Intel Codec Library module provides compression and decompression library for Apache Hadoop/Spark to make use of the acceleration hardware for compression/decompression. It not only can leverage QAT/IAA hardware to accelerate deflate-compatible data compression algorithms but also supports the use of Intel software optimized solutions such as Intel ISA-L(Intel Intelligent Storage Acceleration Library and IPP(Intel Integrated Performance Primitives Library) to accelerate the data compression.

Hash table performance is critical to a SQL engine. Operators like hash join, hash aggregation count on an efficient hash table implementation.
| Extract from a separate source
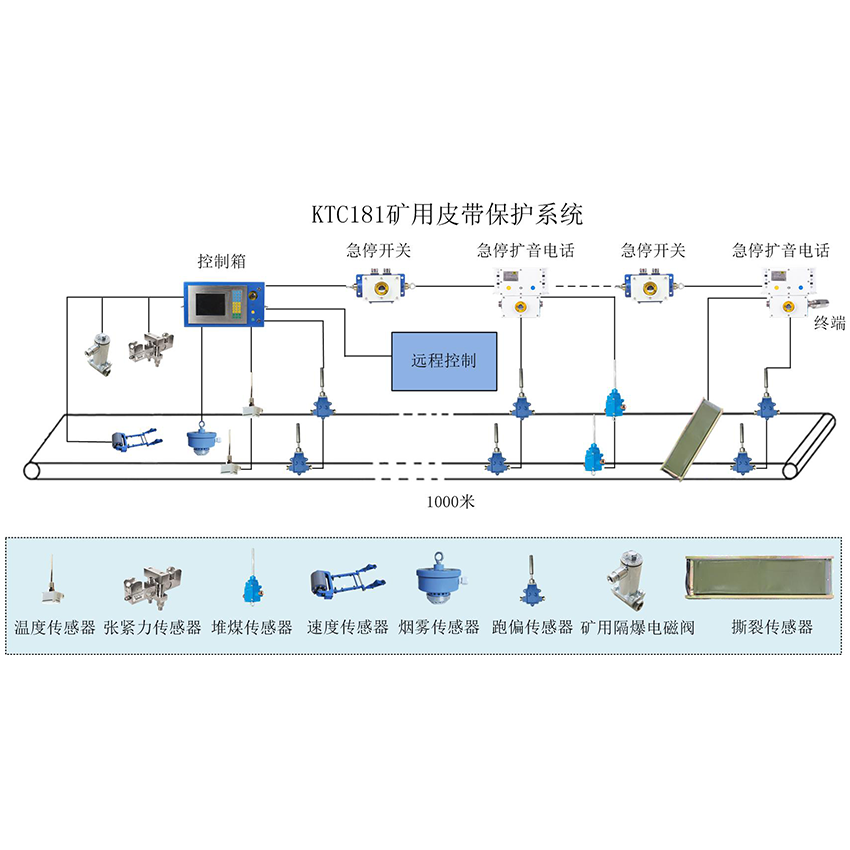 煤矿用皮带自动化集控系统实现智能化运行管控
Hash table module will provide a bunch of hash table implementations, which are easy to use, leverage state of art hardware technology like AVX-512, will be optimized for query-specific scenarios.

JIT Lib module provides unified JIT interfaces like Value, Ptr, control flow and .etc to isolate operator logic and IR generation

Expression evaluation module could do Projection/Filter computation effectively. It provides a runtime expression evaluation API which accept Substrait based expression representation and Apache Arrow based column format data representation. It only handles projection and filters currently.

BDTK implements typical SQL operators based on JitLib, provide a batch-at-a-time execution model. Each operator support plug and play, could easily integrated into other existing sql-engines. Operators BDTK target to supported includes: HashAggregation, HashJoin(HashBuild and HashProbe), etc.

Supported Features

Current supported features are available on Project Page. Newly supported feature in release 0.9 is available at release page.

Getting Started

Get the BDTK Source

git clone --recursive https://github.com/intel/BDTK.git
cd BDTK
# if you are updating an existing checkout
git submodule sync --recursive
git submodule update --init --recursive

Setting up BDTK develop envirenmont on Linux Docker

We provide Dockerfile to help developers setup and install BDTK dependencies.

  1. Build an image from a Dockerfile
$ cd ${path_to_source_of_bdtk}/ci/docker
$ docker build -t ${image_name} .
  1. Start a docker container for development
$ docker run -d --name ${container_name} --privileged=true -v ${path_to_source_of_bdtk}:/workspace/bdtk ${image_name} /usr/sbin/init

How To Build

Once you have setup the Docker build environment for BDTK and get the source, you can enter the BDTK container and build like:

Run make in the root directory to compile the sources. For development, use make debug to build a non-optimized debug version, or make release to build an optimized version. Use make test-debug or make test-release to run tests.

How to Enable in Presto

To use it with Prestodb, Intel version Prestodb is required together with Intel version Velox. Detailed steps are available at installation guide.

Roadmap

In the next coming release, following working items were prioritized.

  • Better test coverage for entire library
  • Better robustness and enable more implemented features in Prestodb as pilot SQL engine, by improving offloading framework
  • Better extensibility at multi-levels (incl. relational algebra operator, expression function, data format), by adopting state-of-art compiler design (multi-levels)
  • Complete Arrow format migration
  • Next-gen codegen framework
  • Support large volume data processing
  • Advanced features development

Code Of Conduct

Big Data Analytic Toolkit's Code of Conduct can be found here.

Online Documentation

You can find the all the Big Data Analytic Toolkit documents on the project web page.

License

Big Data Analytic Toolkit is licensed under the Apache 2.0 License. A copy of the license can be found here.